Le “sommet” des opérations, c’est une résidence en plein ciel, perchée sur une dune. Elle constitue pour tous les navigateurs du Bassin un amer superbe mais qui écrase de sa masse, non seulement le double clocher de Saint-Elme voisin, mais aussi tout la ville dont le charme essentiel du visage vient de ses toitures inclinées et de ses tuiles rouges. On parle alors de faire de cette tour “la flamme” d’un quartier tout vertical qui s’amorce mais qui reste sans suite, du port jusqu’au stade Matéo-Petit. Ailleurs, dans l’euphorie des “Trente glorieuses”, on parle aussi de la possibilité de construire dans la Ville d’hiver des immeubles inclus dans le volume des villas existantes. Un volume si imposant qu’il permettrait un grand nombre d’étages. Arcachon, navré, « Regarde pousser « nevyorc » » et voit disparaître sa vieille ville.
L’erreur est d’autant plus flagrante qu’à la même époque, de grandes stations touristiques de la Basse Normandie ou de Bretagne imposent un style architectural inspiré par la construction traditionnelle. Fort heureusement, un sursaut parcourt alors la ville. Le docteur Fleury, maire-adjoint, déclare : « Nous sommes un certain nombre (…) à ne pas croire comme inéluctable la reconstruction du mur de l’Atlantique ». Dans le même mouvement, une association pour “La Sauvegarde du site d’Arcachon” voit le jour et, dans la ville d’hiver, un courageux comité qui, lui aussi n’hésite pas à s’opposer aux appétits de promoteurs sans envergure, se monte et entreprend de la protéger. Il y réussit si bien que, le 19 septembre 1985, est obtenu, avec l’appui de Robert Fleury, alors maire, le classement “en site”, de la Ville d’hiver tout entière. Cependant, le pire n’étant jamais sûr, de nouvelles dispositions s’imposent aux stations classées à partir de 1982. On commence alors à voir surgir des immeubles enfin couverts de toits de tuiles à plusieurs pans et aux façades ornées de balcons aux formes variées plus inventives. À partir de 2001, le nouveau plan local d’urbanisme impose une architecture inspirée du style arcachonnais : larges toitures, importants avant-toits, boiseries dans les façades, le groupe Gaume établissant le prototype, cette fois réussi, de ce nouveau type d’immeubles.

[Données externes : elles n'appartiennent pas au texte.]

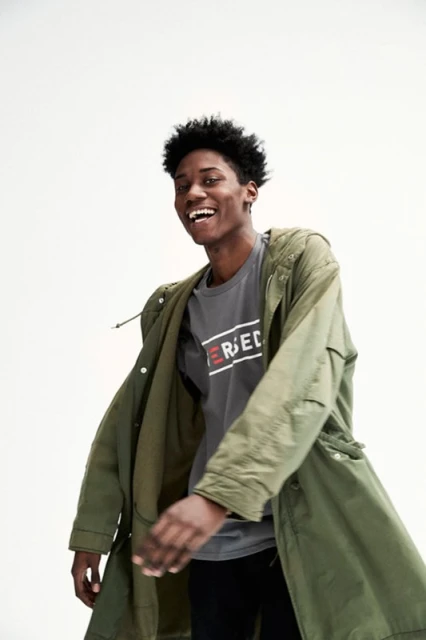 Young man smiles wearing olive green jacket and gray t-shirt in a bright studio. Casual fashion shoot against a white background.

Il faut cependant noter, d’abord, que la construction de tours d’une dizaine d’étages, a permis de résoudre, mais en partie seulement et avec retard, le difficile problème des logements sociaux dans la cité. Des logements qui, d’ailleurs, prennent aussi parfois la forme de jolies résidences. Ensuite, il faut aussi admettre que certaines grandes constructions ne manquent pas d’allure. L’ensemble “Les Perlières” forme une astucieuse tentative pour briser la monotonie des blocs bétonnés. Le “Grand Voile” montre une impressionnante envolée de loggias en vitres bleutées. La rue de “La Calante” semble sortir d’une opérette à la Francis Lopez. Ailleurs, des pergolas délirantes, d’immenses portiques, des balcons métalliques couronnés d’une sorte de balcon avant-toit farfelu ou, encore, les quatre colonnes de vingt mètres de hauteur de “Véronèse”, signent des intentions de bâtir autrement.
Il n’en reste pas moins que tout cela reste l’exception dans une banalité ambiante qui montre que la ville n’a pas su, en cédant à la facilité du profil immédiat, durant une large partie de la seconde moitié du XXe siècle, conserver sa couverture végétale mêlée à un bâti d’une originale ampleur, marquée d’invention et de fantaisie. Il reste de cette impuissance, certes, une belle étoffe, mais mitée, ou rapiécée, comme l’on veut. Retisser sa trame, c’est une autre histoire.